__Task prompt__
Hunt through the lines below for the string "Logo" and copy each one that has it.

Collection entries
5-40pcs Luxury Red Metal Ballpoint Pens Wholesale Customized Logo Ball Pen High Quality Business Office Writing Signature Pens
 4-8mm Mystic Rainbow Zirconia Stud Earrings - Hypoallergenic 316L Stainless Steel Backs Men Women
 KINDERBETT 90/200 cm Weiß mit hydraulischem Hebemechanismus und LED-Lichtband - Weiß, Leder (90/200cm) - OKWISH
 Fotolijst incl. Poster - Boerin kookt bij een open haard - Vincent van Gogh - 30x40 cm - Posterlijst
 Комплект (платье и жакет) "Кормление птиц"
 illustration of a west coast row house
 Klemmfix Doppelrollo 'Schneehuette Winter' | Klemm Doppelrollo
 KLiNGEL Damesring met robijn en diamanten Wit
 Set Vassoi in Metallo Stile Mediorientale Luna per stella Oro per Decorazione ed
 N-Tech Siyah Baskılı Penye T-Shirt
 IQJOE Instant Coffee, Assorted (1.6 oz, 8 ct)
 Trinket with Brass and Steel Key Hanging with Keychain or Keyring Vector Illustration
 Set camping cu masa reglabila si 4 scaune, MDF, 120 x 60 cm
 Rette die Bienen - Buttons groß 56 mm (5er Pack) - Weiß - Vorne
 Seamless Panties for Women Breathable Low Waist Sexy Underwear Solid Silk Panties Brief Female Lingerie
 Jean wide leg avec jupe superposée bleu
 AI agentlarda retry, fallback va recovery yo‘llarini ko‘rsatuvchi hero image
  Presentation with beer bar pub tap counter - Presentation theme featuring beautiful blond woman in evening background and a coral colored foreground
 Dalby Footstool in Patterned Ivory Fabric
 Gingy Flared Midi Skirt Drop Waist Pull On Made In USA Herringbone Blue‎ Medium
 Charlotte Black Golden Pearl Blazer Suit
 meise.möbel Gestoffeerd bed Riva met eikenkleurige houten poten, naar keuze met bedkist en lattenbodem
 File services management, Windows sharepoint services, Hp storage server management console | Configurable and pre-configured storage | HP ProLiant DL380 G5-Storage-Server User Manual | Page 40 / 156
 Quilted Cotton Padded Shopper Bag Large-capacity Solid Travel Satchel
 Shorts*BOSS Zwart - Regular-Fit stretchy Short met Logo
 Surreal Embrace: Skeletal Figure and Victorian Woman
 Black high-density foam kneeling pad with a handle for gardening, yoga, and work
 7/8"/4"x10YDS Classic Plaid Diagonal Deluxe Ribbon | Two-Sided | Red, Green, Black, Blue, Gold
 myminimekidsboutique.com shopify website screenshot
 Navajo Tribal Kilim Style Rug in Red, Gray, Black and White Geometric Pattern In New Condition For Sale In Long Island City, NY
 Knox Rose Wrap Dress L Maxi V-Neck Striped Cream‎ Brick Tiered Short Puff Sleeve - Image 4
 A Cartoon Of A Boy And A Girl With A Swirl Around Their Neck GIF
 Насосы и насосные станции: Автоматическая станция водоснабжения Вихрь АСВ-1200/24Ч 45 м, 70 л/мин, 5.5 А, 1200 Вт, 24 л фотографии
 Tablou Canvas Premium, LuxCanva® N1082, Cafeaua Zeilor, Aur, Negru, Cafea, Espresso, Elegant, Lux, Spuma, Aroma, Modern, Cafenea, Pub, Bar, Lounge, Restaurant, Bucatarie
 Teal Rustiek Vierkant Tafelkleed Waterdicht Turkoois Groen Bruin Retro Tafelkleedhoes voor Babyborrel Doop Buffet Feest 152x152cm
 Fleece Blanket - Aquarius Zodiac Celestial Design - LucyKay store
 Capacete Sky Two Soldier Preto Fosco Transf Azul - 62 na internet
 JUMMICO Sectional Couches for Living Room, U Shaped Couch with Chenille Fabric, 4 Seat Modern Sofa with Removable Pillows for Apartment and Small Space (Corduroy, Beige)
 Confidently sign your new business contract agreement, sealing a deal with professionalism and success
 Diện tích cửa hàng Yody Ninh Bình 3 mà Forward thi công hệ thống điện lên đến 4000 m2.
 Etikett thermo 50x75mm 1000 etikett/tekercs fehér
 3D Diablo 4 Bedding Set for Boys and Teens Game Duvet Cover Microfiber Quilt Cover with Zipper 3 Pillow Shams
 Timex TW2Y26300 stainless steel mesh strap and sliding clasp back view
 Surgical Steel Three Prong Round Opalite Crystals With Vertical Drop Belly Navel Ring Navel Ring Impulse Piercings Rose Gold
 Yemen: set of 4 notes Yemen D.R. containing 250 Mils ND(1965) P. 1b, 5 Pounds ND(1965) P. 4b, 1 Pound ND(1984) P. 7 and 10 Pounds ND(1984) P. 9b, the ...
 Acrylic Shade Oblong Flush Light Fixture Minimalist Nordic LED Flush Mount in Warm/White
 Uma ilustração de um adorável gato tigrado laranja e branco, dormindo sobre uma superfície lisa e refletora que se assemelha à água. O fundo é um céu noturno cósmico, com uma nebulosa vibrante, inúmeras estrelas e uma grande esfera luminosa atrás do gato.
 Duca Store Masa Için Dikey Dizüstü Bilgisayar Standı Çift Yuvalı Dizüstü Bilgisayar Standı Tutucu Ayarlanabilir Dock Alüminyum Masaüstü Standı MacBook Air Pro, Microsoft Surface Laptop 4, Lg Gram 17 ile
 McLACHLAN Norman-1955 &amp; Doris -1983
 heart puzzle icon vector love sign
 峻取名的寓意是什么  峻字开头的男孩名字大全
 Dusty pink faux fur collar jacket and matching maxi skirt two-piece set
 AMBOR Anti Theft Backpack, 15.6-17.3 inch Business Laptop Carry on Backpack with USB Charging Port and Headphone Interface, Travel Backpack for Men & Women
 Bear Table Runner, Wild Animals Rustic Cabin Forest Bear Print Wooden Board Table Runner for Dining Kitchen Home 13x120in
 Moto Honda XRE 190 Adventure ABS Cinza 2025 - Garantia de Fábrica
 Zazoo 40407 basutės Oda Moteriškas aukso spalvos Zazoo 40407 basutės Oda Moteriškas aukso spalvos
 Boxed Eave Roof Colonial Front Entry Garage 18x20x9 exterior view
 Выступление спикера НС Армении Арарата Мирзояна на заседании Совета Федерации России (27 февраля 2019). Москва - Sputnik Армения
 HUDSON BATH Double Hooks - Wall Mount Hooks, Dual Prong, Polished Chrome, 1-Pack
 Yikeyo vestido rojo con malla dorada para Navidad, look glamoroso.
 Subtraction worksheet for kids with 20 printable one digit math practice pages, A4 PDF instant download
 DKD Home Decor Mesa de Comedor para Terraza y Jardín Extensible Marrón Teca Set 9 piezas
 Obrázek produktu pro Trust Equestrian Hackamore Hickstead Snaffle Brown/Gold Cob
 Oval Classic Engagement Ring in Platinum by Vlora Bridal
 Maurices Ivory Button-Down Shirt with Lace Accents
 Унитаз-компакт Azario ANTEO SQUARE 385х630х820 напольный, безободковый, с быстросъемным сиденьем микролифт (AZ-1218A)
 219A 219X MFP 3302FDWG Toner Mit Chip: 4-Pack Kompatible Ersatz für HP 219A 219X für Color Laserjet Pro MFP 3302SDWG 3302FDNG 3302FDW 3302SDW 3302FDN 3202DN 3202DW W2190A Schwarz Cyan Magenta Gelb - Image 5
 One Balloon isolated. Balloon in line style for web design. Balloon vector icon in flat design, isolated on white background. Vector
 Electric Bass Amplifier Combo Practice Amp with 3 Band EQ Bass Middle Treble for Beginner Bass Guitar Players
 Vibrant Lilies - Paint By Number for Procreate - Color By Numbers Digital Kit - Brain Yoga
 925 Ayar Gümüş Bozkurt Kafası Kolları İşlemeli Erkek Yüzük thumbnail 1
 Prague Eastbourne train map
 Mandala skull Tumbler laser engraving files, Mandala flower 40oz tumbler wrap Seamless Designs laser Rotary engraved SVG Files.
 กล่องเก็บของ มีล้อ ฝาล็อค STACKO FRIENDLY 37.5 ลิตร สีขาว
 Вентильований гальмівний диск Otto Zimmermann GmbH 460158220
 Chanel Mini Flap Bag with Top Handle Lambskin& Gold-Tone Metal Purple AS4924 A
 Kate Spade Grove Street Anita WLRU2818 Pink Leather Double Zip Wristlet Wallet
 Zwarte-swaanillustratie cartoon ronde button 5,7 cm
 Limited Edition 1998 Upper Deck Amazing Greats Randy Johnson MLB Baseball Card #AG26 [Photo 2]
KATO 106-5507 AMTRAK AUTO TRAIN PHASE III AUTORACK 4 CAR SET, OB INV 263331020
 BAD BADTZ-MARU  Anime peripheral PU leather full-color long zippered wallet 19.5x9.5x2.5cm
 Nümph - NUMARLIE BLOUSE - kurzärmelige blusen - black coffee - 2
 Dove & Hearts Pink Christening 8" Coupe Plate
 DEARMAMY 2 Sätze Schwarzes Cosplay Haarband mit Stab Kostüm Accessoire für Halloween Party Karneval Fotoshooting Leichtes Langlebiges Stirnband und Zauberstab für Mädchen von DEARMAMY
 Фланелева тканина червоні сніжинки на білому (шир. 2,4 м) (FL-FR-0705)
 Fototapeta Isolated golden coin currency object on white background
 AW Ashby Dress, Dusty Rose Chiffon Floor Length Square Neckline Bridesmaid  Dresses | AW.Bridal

__Task output__
5-40pcs Luxury Red Metal Ballpoint Pens Wholesale Customized Logo Ball Pen High Quality Business Office Writing Signature Pens
 Shorts*BOSS Zwart - Regular-Fit stretchy Short met Logo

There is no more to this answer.